#### Entries supplied ####

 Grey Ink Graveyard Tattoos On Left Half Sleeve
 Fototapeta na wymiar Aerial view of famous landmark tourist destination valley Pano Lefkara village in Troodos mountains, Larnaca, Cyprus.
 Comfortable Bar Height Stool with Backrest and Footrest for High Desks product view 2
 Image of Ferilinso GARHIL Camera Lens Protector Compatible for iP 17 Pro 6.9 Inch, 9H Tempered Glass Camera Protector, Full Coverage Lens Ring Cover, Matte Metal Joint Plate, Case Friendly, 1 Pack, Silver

####
#### Entries supplied ####

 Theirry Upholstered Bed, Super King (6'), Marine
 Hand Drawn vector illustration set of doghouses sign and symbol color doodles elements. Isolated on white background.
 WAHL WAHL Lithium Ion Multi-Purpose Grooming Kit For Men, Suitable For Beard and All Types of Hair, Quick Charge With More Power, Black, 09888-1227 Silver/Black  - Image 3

####

Exercise goal: Scan the entries and show every line in which the word "view" is found.

Exercise result:
 Fototapeta na wymiar Aerial view of famous landmark tourist destination valley Pano Lefkara village in Troodos mountains, Larnaca, Cyprus.
 Comfortable Bar Height Stool with Backrest and Footrest for High Desks product view 2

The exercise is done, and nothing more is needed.